Private-sector business conditions tick up in January
The IHS Markit PMI shows conditions are still in weak territory, however, amid weaker new orders and stronger cost pressures leading to job losses
Business activity in January improved from last year’s weak close, thanks to slower contractions in both company output and new orders.
Nevertheless, business conditions remain in weak terrain, according to the latest IHS Markit SA purchasing managers’ index (PMI), amid poor demand, a lack of investment and partial load-shedding.
Weaker new orders and stronger cost pressures led businesses to reduce staff numbers in January, with the rate of job losses the quickest seen since September 2017.
The headline PMI reached 48.3 index points in January, up from 47.6 in December, “to signal a softer and only moderate deterioration in SA private-sector business conditions”, the company said in a release.

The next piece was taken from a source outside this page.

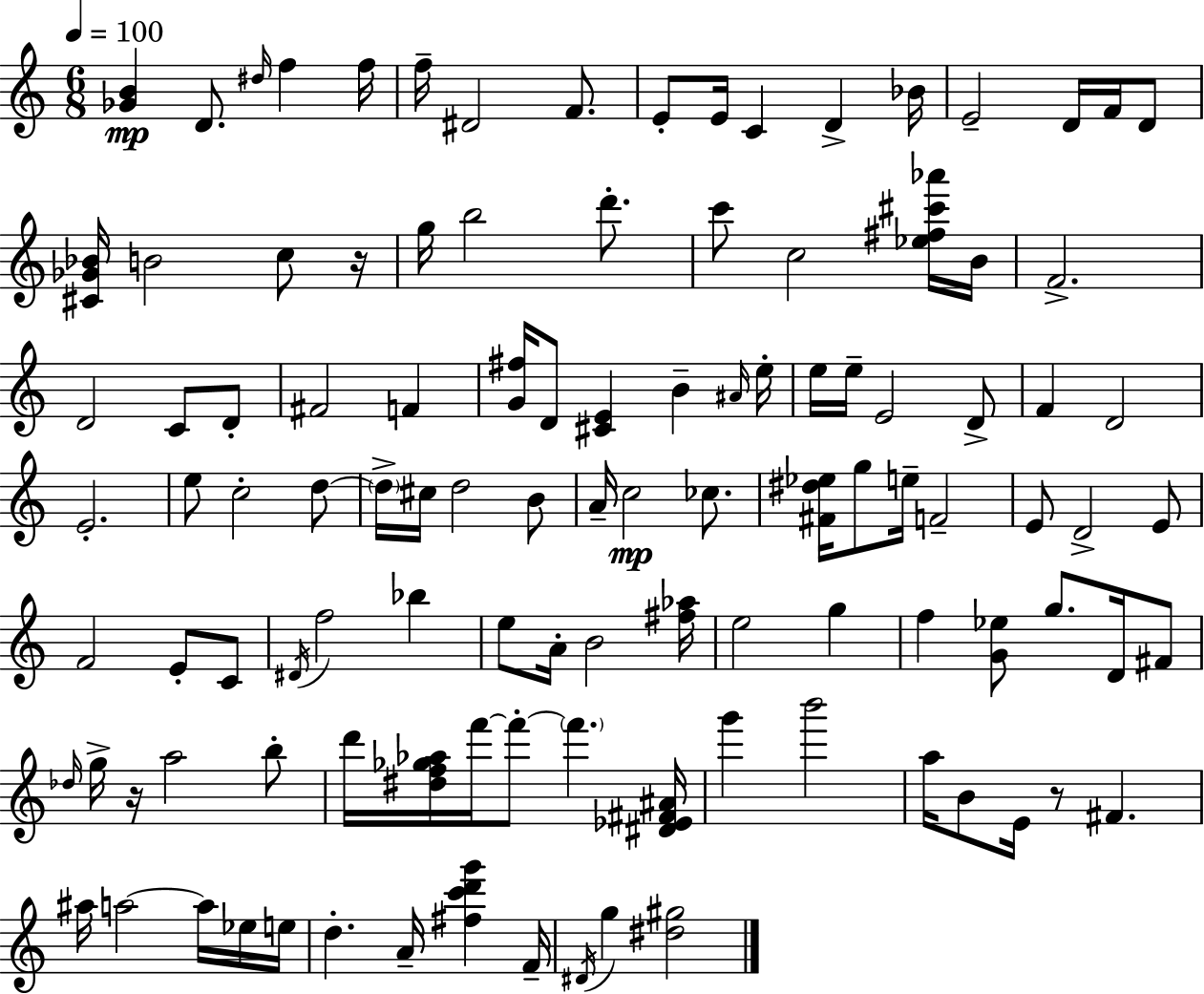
[Gb4,B4]/q D4/e. D#5/s F5/q F5/s F5/s D#4/h F4/e. E4/e E4/s C4/q D4/q Bb4/s E4/h D4/s F4/s D4/e [C#4,Gb4,Bb4]/s B4/h C5/e R/s G5/s B5/h D6/e. C6/e C5/h [Eb5,F#5,C#6,Ab6]/s B4/s F4/h. D4/h C4/e D4/e F#4/h F4/q [G4,F#5]/s D4/e [C#4,E4]/q B4/q A#4/s E5/s E5/s E5/s E4/h D4/e F4/q D4/h E4/h. E5/e C5/h D5/e D5/s C#5/s D5/h B4/e A4/s C5/h CES5/e. [F#4,D#5,Eb5]/s G5/e E5/s F4/h E4/e D4/h E4/e F4/h E4/e C4/e D#4/s F5/h Bb5/q E5/e A4/s B4/h [F#5,Ab5]/s E5/h G5/q F5/q [G4,Eb5]/e G5/e. D4/s F#4/e Db5/s G5/s R/s A5/h B5/e D6/s [D#5,F5,Gb5,Ab5]/s F6/s F6/e F6/q. [D#4,Eb4,F#4,A#4]/s G6/q B6/h A5/s B4/e E4/s R/e F#4/q. A#5/s A5/h A5/s Eb5/s E5/s D5/q. A4/s [F#5,C6,D6,G6]/q F4/s D#4/s G5/q [D#5,G#5]/h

The headline SA PMI is an indicator of private-sector business performance taken from a survey of 400 private-sector companies across the economy. It is derived from indicators for new orders, output, employment, suppliers’ delivery times and stocks of purchases. A reading of more than 50 shows overall improvement in the sector.
“Following the disruption from severe load-shedding in December, SA’s private sector continued to deteriorate at the start of the year, with output and new orders falling further,” said David Owen, economist at IHS Markit. However, the rate of decline in these two sub-components eased, helping lift the headline number, “signalling that the downturn may have bottomed out”.

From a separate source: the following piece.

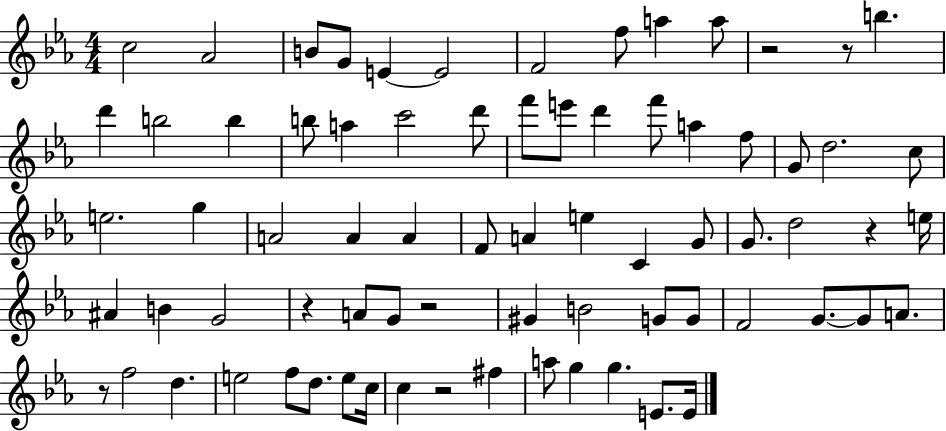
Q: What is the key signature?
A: EES major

Power interruptions began in earnest in December as utility Eskom battled severe operational shortcomings. These have continued into January and February, with Eskom’s new CEO André de Ruyter warning that load-shedding is going to continue as Eskom aims to return to a more thorough maintenance schedule of its ageing power plants.

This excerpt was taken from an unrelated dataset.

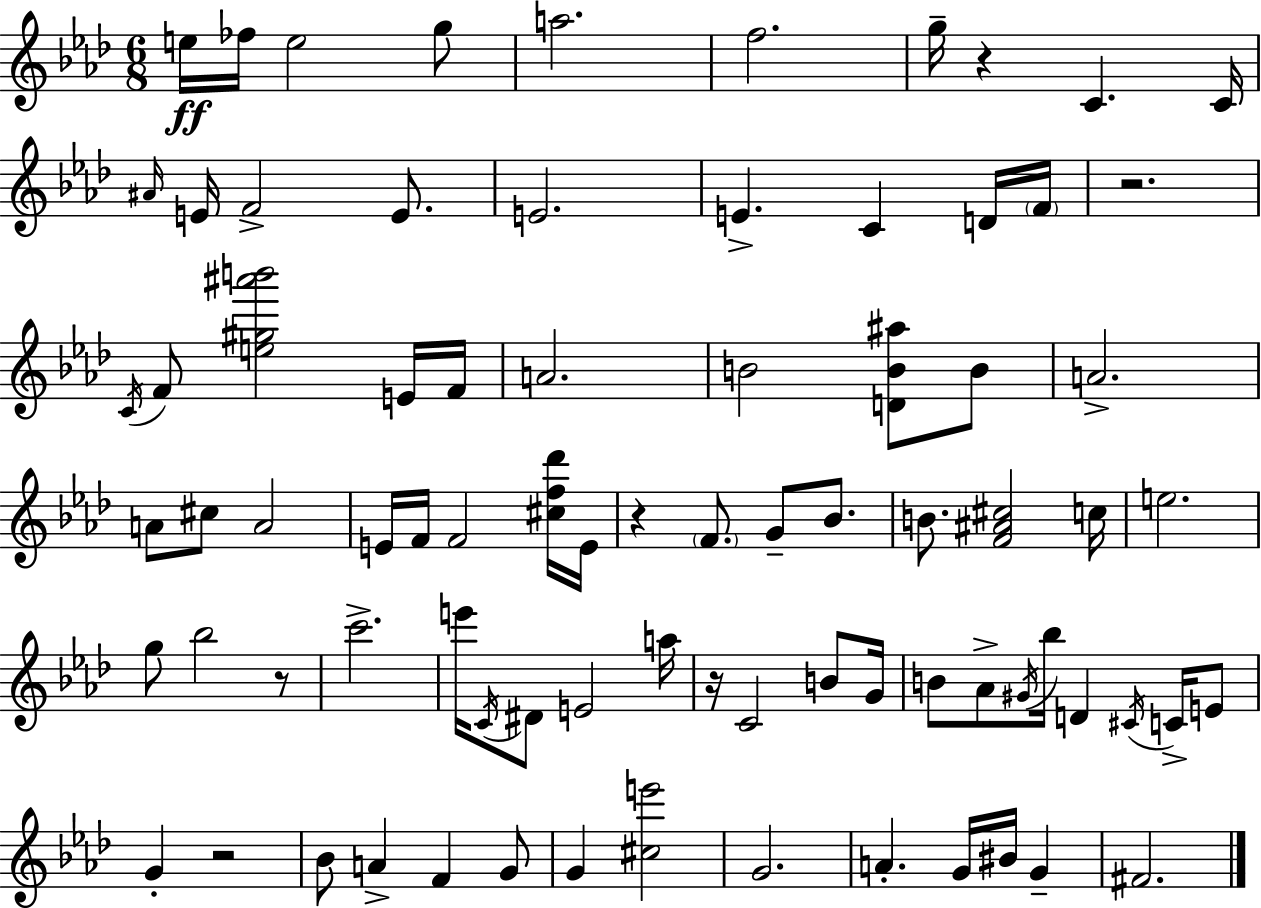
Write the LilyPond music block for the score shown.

On a more positive note, export orders increased for the first time in five months, pointing to a stabilisation in some international markets, said Owen. Entering the new year businesses “are noticeably more upbeat” about the outlook for activity.
“The level of sentiment is at its strongest since last June, as firms hope for improving market conditions as government plans for Eskom and infrastructure spending begin to take shape,” he said. “Nonetheless, it will likely take some time before long-term government policy positively affects markets.”
The SA PMI follows on from a similar gauge assessing business conditions in the manufacturing industry, released earlier this week.
The ABSA PMI came in lower than market expectations, contracting in January. Its measure of expected business conditions recorded its worst levels in 15 months, thanks to uncertainty about load-shedding and the prospects for global growth.
Research by PwC put out on Wednesday warned that the slowdown in global trade volumes experienced in 2019 could continue into 2020, with the pace of globalisation expected to carry on at “a significantly slower pace”.
This is “bad news for SA exporters” such as wine fruit producers, platinum mines and vehicle manufacturers, PWC said. “It is an unwelcome development that will require export-orientated SA companies to consider various scenarios for the world economy and global trade patterns in the short to medium term.”